Thinking holistically about assessment
So with those in mind, the assessment may look a little bit different depending on who you are and what you do. For us, we are very much working towards our submission work. We're very risk averse in this situation. We do a pretty in-depth assessment. So, you know, if you're just kind of poking around exploring, maybe you do a little bit lighter of an assessment. But getting to know your packages is really important. It will serve you well.
Also on a task level, if you're transforming the data, changing the data in some way, or performing a statistical analysis, the stakes might be a little bit higher if something goes awry as compared to— and also it might be harder to tell when something goes awry as compared to something that's more aesthetic in nature. So, again, your approach to the assessment might change depending on that.
And so you could also perform this whole assessment and not be quite satisfied with the result. But maybe you have only one option. And this is the package you need. So maybe you're willing to bend a little bit on your risk and build some extra safeguards around that for yourself. Augment it with some testing or extra QC.
So even if you find yourself in the left side, very much in the stable risk averse, the rest of the ecosystem is going to continue to evolve and change. And that's the beauty of R, right? There's cutting edge newer things every single day. So it's important for us, you know, if we are in that situation, to keep our eyes up ahead of what's to come. And find ways to innovate. Find ways to experiment. And keep our minds open for any gems that come along. And we can in turn then grow our tried and true collection of packages that we count on.

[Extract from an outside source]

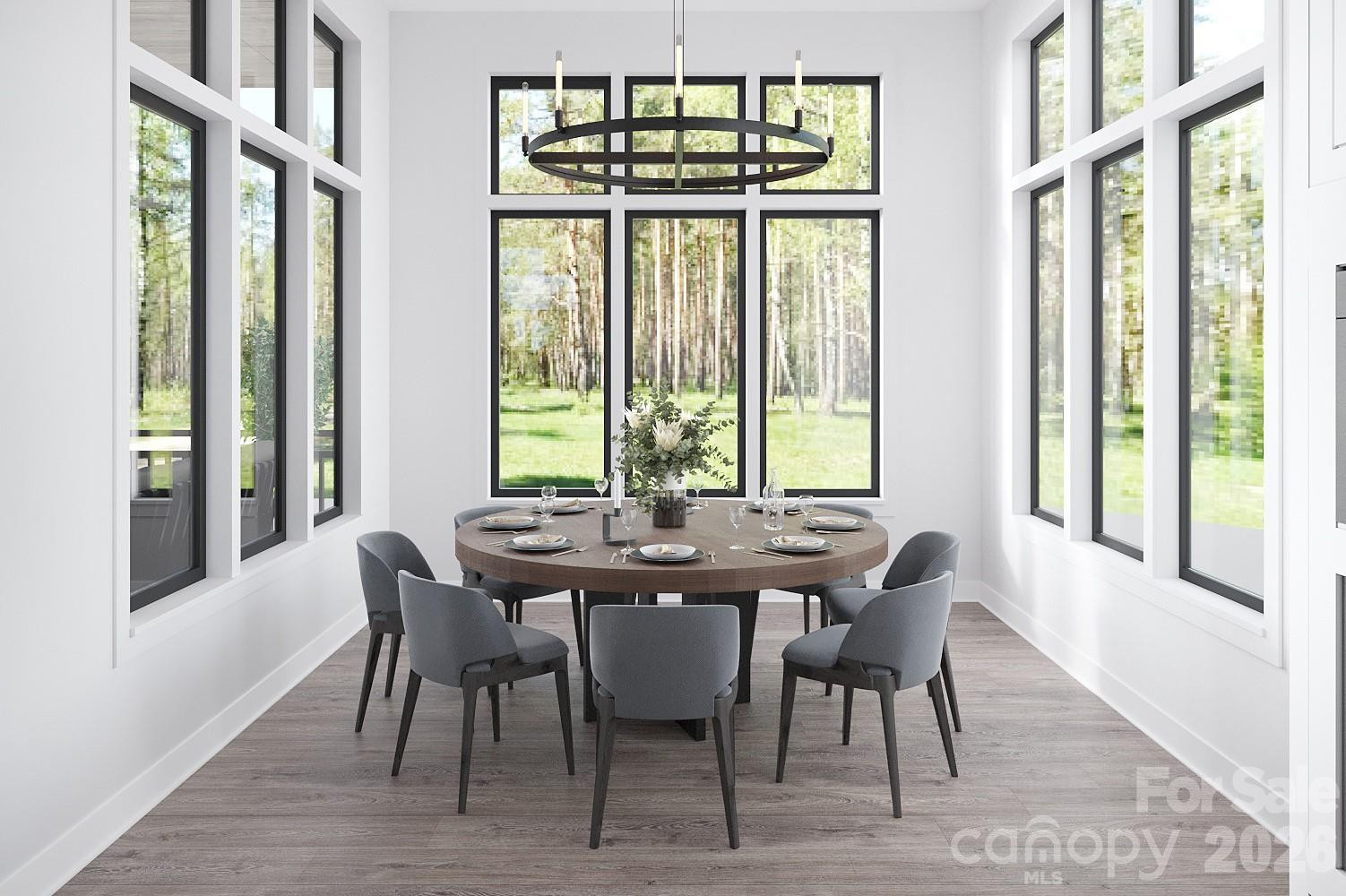 246 Turkey Ridge Road - Photo 6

All right. So I said there were five domains. But I'm going to throw you one more. Which is the domain about thinking holistically. So when we do these assessments, we are not expecting a perfect score by any means. The packages the purpose of the assessment is to allow these packages to shine where they are strong. And let those strengths or weaknesses guide us in the rest of our assessment. And help us focus in on what matters. So for instance, a package could have really strong tests. But maybe not as much community support or vice versa. So these things can kind of counter each other, right? So if we're flexible and adaptable in our approach, then we can more effectively collect that body of evidence that's going to inform our sense of trust in this wonderfully imperfect open source world. Thank you.
So if we're flexible and adaptable in our approach, then we can more effectively collect that body of evidence that's going to inform our sense of trust in this wonderfully imperfect open source world.